ABarray(dataFile, designFile, group, test = TRUE, impute = "avg", normMethod = "quantile", ...)

Arguments

dataFile

csv or tab delimit file contain expression measurement that are output from AB1700 software

designFile

Experiment design file, including information for sample type and additional phenotype information.

group

Specify which group statistical test will be performed on. The samples will be ordered according the group.

test

Specify whether to perform t test. By default, t test will be performed using specified group information.

impute

Treat flagged value (above 5000) as missing value, and impute the missing value.

normMethod

The method of normalizaiton. The default is "quantile". The following normMethods are supported: quantile, mean, median, trimMean, and trimAMean. If the parameter value is one of the supported normMethods, the analysis will be performed on the chosen method. If the parameter value is "all", the analysis will be performed on quantile only, but the normalization results will be produced for each of the normMethods.

...

Additional arguments. Use snThresh and/or detectSample to perform filtering. snThresh is the threshold of S/N value to be considered that the probe is detected (default value = 3, if snThresh is not specified). detectSample is used to determine if a probe should be included in statistical analysis (default value = 0.5, ie 50% of samples in any one subgroup).

Details

The function works on AB1700 software export data file. It expects certain file format to work. The rows of the file represent probes. The columns should contain these headings: probeID, geneID, Signal, S/N, Flag, and optionally SDEV, CV, AssayNormSignal (these values will be ignored in the process).

It is optional to have control probes. If they are present, plots will be generated for the control probes and they will be removed for further analysis.
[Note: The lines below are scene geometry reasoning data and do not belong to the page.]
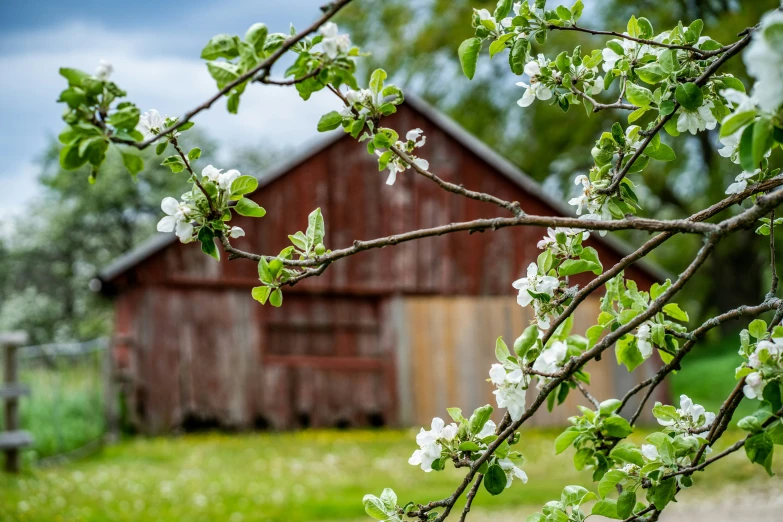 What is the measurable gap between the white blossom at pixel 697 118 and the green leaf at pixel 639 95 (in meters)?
0.07

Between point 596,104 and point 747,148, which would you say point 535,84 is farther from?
point 747,148

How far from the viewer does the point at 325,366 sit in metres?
11.5

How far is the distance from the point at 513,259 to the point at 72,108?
11215mm

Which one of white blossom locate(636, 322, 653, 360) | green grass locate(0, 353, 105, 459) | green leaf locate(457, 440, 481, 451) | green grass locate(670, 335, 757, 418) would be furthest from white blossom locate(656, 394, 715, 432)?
green grass locate(670, 335, 757, 418)

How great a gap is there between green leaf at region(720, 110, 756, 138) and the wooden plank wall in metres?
10.7

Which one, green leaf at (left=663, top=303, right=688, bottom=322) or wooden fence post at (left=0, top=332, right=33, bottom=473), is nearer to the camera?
green leaf at (left=663, top=303, right=688, bottom=322)

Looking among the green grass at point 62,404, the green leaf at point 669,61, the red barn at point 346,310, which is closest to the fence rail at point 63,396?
the green grass at point 62,404

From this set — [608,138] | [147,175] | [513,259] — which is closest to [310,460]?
[513,259]

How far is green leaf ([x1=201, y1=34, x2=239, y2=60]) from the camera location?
3.63ft

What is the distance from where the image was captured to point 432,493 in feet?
21.6

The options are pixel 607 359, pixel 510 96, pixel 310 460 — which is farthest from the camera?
pixel 510 96

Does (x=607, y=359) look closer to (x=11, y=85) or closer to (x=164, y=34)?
(x=11, y=85)

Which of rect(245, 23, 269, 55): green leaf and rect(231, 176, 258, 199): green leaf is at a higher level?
rect(245, 23, 269, 55): green leaf

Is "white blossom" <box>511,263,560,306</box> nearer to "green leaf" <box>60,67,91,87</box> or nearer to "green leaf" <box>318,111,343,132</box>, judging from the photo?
"green leaf" <box>318,111,343,132</box> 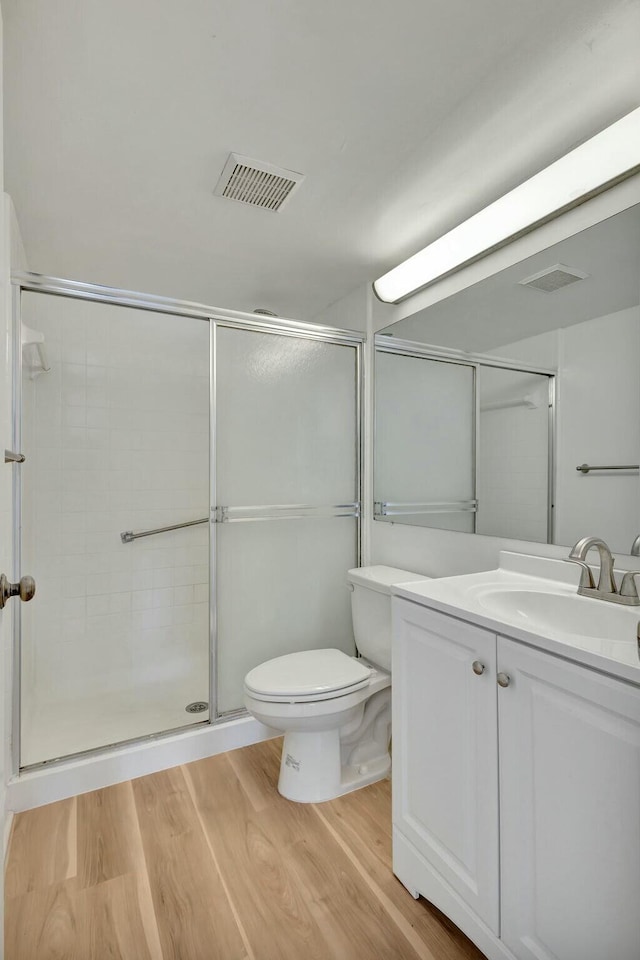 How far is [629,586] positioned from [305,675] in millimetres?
1104

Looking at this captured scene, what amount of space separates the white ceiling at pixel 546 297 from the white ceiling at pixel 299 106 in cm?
28

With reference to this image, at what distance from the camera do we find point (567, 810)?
906mm

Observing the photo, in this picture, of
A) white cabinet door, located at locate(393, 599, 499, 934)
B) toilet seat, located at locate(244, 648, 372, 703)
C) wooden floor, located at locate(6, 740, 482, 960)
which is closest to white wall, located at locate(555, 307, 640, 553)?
white cabinet door, located at locate(393, 599, 499, 934)

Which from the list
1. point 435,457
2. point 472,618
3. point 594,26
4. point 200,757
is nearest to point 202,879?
point 200,757

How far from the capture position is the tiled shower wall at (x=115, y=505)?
2.49m

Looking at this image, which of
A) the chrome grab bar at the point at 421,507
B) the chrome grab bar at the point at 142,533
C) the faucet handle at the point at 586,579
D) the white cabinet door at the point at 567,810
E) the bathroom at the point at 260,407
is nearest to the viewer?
the white cabinet door at the point at 567,810

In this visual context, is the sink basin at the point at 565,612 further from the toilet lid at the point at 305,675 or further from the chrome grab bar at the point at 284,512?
the chrome grab bar at the point at 284,512

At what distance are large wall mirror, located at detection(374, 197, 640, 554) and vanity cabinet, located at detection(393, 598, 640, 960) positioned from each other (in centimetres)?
61

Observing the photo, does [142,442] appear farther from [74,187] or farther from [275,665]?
[275,665]

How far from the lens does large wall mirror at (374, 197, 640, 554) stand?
1371 mm

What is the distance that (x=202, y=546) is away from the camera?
2920 mm

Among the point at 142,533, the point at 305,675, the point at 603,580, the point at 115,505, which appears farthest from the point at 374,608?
the point at 115,505

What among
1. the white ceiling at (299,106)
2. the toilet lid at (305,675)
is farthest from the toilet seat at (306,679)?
the white ceiling at (299,106)

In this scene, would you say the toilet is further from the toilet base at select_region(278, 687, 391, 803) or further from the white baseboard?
the white baseboard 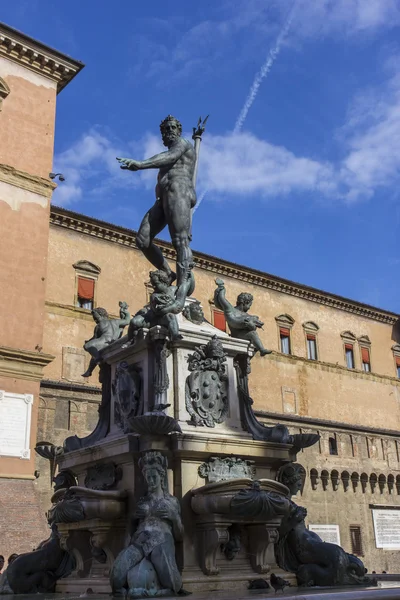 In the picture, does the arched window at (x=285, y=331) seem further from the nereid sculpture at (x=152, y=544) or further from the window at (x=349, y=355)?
the nereid sculpture at (x=152, y=544)

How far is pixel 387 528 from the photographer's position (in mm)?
35844

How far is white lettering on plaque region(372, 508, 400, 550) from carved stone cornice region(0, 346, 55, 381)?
Answer: 21.9 m

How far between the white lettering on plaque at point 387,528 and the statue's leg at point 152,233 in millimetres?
30389

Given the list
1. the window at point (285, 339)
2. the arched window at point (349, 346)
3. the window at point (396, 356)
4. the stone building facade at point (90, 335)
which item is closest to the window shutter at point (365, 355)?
the stone building facade at point (90, 335)

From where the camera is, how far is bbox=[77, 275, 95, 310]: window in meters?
28.5

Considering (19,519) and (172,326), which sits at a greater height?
(172,326)

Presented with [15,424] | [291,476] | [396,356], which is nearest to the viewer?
[291,476]

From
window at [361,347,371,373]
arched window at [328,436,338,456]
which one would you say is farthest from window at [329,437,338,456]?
window at [361,347,371,373]

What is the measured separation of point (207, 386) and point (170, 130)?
124 inches

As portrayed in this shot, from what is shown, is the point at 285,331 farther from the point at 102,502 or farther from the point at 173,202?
the point at 102,502

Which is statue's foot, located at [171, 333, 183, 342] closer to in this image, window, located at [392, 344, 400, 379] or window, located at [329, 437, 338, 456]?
window, located at [329, 437, 338, 456]

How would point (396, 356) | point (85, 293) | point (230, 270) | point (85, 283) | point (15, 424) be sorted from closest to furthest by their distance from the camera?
point (15, 424) < point (85, 293) < point (85, 283) < point (230, 270) < point (396, 356)

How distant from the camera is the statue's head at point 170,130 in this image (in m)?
8.17

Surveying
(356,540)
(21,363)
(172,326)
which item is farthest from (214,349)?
(356,540) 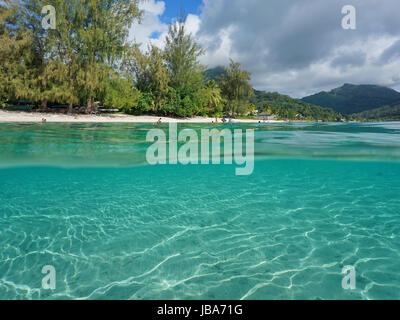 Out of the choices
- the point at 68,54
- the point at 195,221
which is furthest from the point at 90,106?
the point at 195,221

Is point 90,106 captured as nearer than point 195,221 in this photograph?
No

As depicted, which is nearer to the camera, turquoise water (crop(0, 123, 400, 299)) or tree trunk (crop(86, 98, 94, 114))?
turquoise water (crop(0, 123, 400, 299))

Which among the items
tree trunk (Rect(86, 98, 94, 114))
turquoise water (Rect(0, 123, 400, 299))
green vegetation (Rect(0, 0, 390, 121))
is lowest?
turquoise water (Rect(0, 123, 400, 299))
It is required to have an experiment design file in certain format. The rows of the file are samples or arrays. The first column should be sampleName. Perhaps, sampleName should be concise and no spaces between characters. Second and third columns maybe assayName and arrayName (arrayName is optional). Additional columns should specify what type of samples. Note: It is best to have assayName the same as in dataFile.

Group name should be the same as in designFile. The samples will be ordered according the group information. The samples within the same subgroup will be ordered together. Only one group is accepted.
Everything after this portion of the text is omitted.